(EXERCISE BRIEF)
In the listing below, the answer starts at the line that has "Appetizing twice-baked potatoes" and stops after the line that has "Chapter 8. appendix"; please repeat that part exactly and nothing more.

(SUPPLIED ENTRIES)
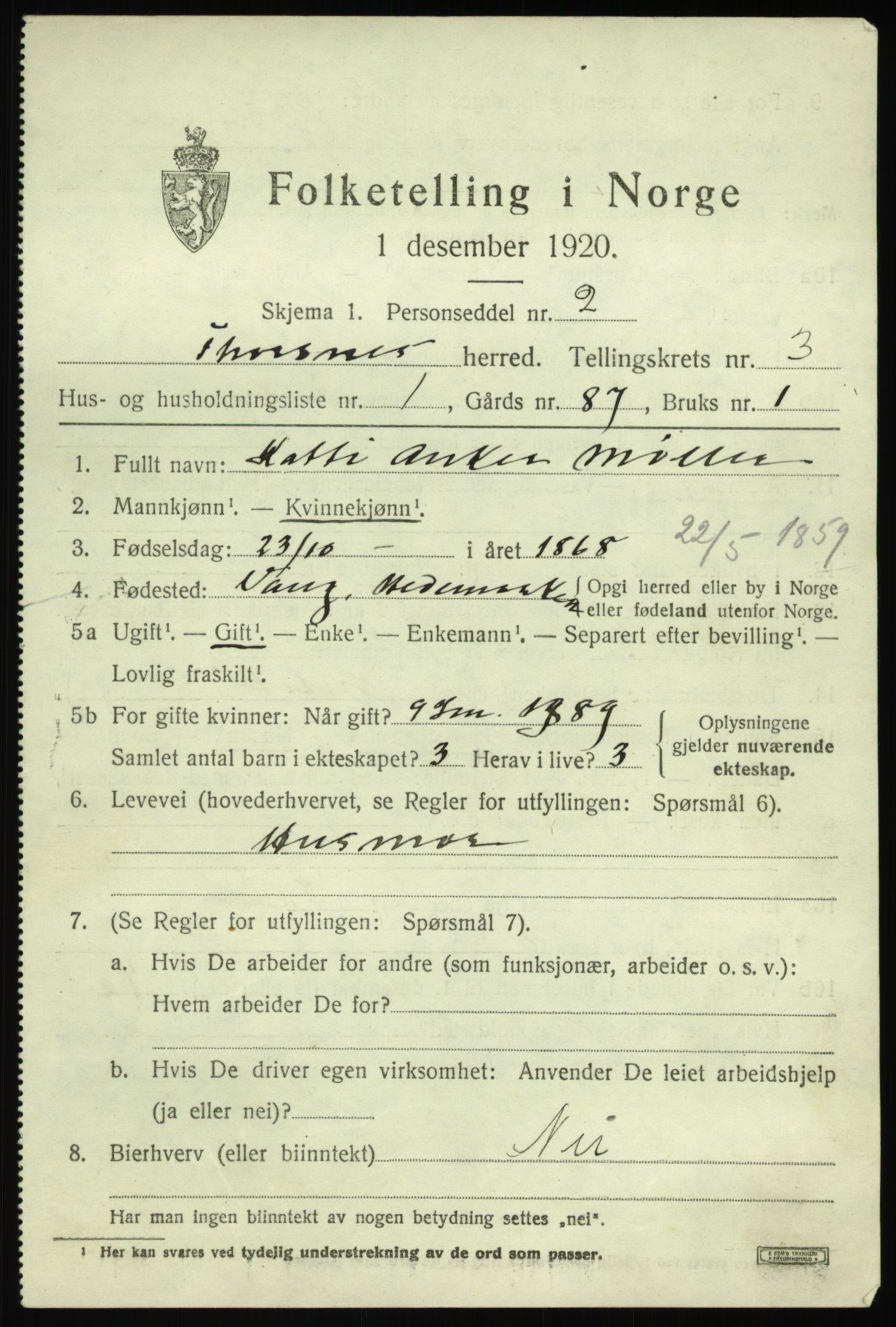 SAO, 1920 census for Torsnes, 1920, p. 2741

==

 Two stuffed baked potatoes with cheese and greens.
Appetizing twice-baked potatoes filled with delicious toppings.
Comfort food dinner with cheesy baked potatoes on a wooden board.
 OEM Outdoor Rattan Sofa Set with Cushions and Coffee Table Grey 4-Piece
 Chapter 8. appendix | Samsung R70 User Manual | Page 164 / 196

(SOLUTION)
Appetizing twice-baked potatoes filled with delicious toppings.
Comfort food dinner with cheesy baked potatoes on a wooden board.
 OEM Outdoor Rattan Sofa Set with Cushions and Coffee Table Grey 4-Piece
 Chapter 8. appendix | Samsung R70 User Manual | Page 164 / 196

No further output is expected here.